The Borough of Carlisle is the county seat of Cumberland County, located in the south-central part of Pennsylvania. This highly productive agricultural area of the state was originally settled and farmed by Scots-Irish immigrants, beginning in the early 1730s. It was named after the town of Carlisle in England by American pioneer, John Armstrong, Sr., a surveyor for the Penn family, and his son John Armstrong, Jr., a soldier and statesman who was a delegate to the Continental Congress, a U.S. Senator from New York, and Secretary of War. They even built its former jailhouse (which Cumberland County now uses as general government offices) to resemble The Citadel in their English sister city.
The first new college in the newly recognized United States of America, Dickinson College, was developed in Carlisle in 1773, as Carlisle Grammar School, by Benjamin Rush, a signer of the Declaration of Independence. It was chartered on September 9th, 1783, six days after the signing of the Treaty of Paris, which ended the American Revolutionary War. The Dickinson Law School, founded in 1834, is the fifth oldest law school in the country and the oldest in Pennsylvania. It merged into the Pennsylvania State University in 1997, as Penn State Dickinson School of Law. Both institutions were named for John Dickinson, a signer of the Constitution who was later the governor of Pennsylvania, and his wife Mary Norris Dickinson, who donated much of their extensive personal libraries to the new college.
A third major educational institution in Carlisle, population 19,000, is the United States Army War College, which moved to Carlisle from Washington, D.C. in 1951, and relocated to the 500-acre campus of the historic Carlisle Barracks, the nation’s second-oldest active military base. The Army War College‘s mission is to prepare officers for leadership at the highest levels. It is comprise of the Strategic Studies Institute, the Military History Institute, and the Center for Strategic Leadership, a state-of-the-art war gaming complex.
Carlisle also has a history of manufacturing: Masland Carpets was founded in 1866, Frog Switch Manufacturing, a maker of railroad components and steel parts, in 1876, and the Carlisle Tire and Rubber Company in 1917. More recently, though Carlisle has experienced a severe case of corporate flight. During the period from 2008 to 2010, three of the Borough’s largest industrial facilities left town. The International Automotive Components Group (IAC), on the former Masland site, left 152 employees jobless; Tyco, a manufacturer of electronic components and connections for the computer and communications industries, closed its doors at its plant on Hamilton Street, leaving 117 unemployed; and Carlisle Tire and Wheel (CTW) relocated its operation to Jackson, Tennessee and, in turn, left 340 employees jobless.
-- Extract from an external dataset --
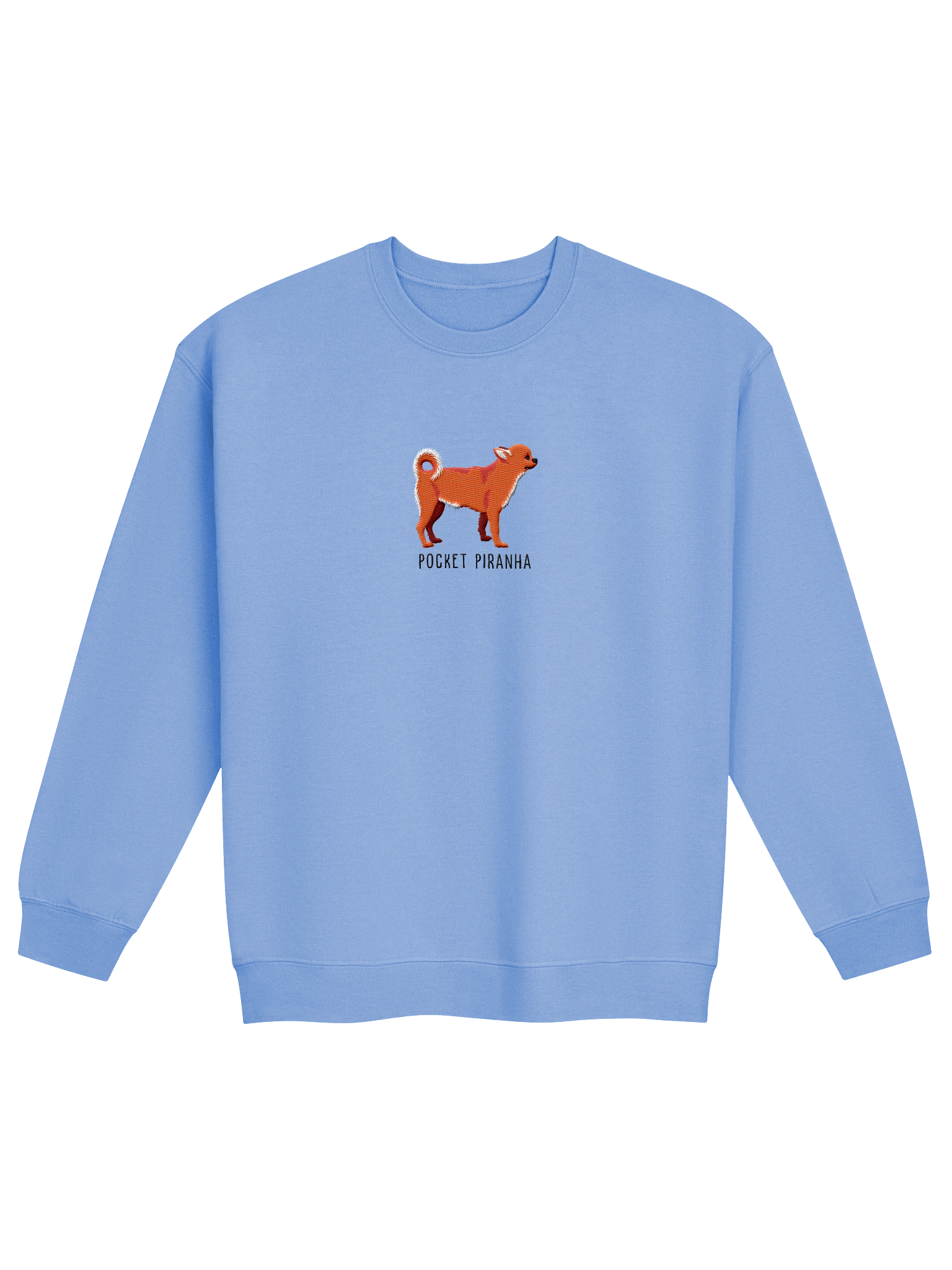 Pocket Piranha Sweatshirt (Embroidered) of a Chihuahua(Red) product image (9)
With the closing of the manufacturing plants, hundreds of jobs were gone, and the Carlisle community was faced with a cluster of contaminated brownfields that were impacting nearby neighborhoods and key economic assets. The three brownfields sites are the 48-acre IAC/ Masland factory, the 12-acre Carlisle Tire & Wheel property, and the 3-acre former Tyco Electronics plant. And while their closings have created short term hardship, the nearly 65 acres of vacant property left in their wake, created a substantial urban redevelopment opportunity that Carlisle’s many stakeholders, both public and private, have addressed with vision and determination, as encapsulated in the Borough’s Urban Redevelopment Plan. The URP integrates land use, transportation, and economic development planning to create a comprehensive, urban redevelopment strategy for the affected parts of the Borough.
“This whole project really started with the closure of the plants” recounts Borough Manager, Matt Candland. “They were three pretty significant employers that closed within a few years of each other, which caused a number of challenges, one of which was: what do you do with these old sites? These were sites with old industrial buildings; all three of them had levels of contamination. So, the buildings were not really suitable for adaptive reuse.” In fact, all indicators, at the time, showed that reusing the sites for industrial purposes was neither feasible nor attractive to their owners.
That set the stage for the borough’s efforts in trying to work in partnership with the property owners in developing plans to revitalize and redevelop the sites via the creation of walkable, mixed-use infill concepts, including residential, commercial, and possibly light industrial uses. “That all started in 2012,” Candland continues. “That master planning process took a couple of years to finish. By 2014, we had a plan, and there were three very cooperative property owners that wanted to work with us. The plan included demolition of buildings; it included some remediation of the properties; and it included infrastructure upgrades.”
Fortuitously, Candland reports that implementation of the URP coincided with the Borough’s intent to repair, rehabilitate, and/or replace parts of its water and sewer system that were over a hundred years old. “Over the next 15 years, we’re looking at our water and sewer rehabilitation program as upwards of $75 million, maybe even more, depending on what we’ll actually find out in the field,” he notes. “So there were opportunities with these redevelopment sites to take care of a lot of the infrastructure – storm drains, water and sewer lines – while that development was going on. There were some cost savings by virtue of addressing that, so it was good timing that these things happened at the same time.”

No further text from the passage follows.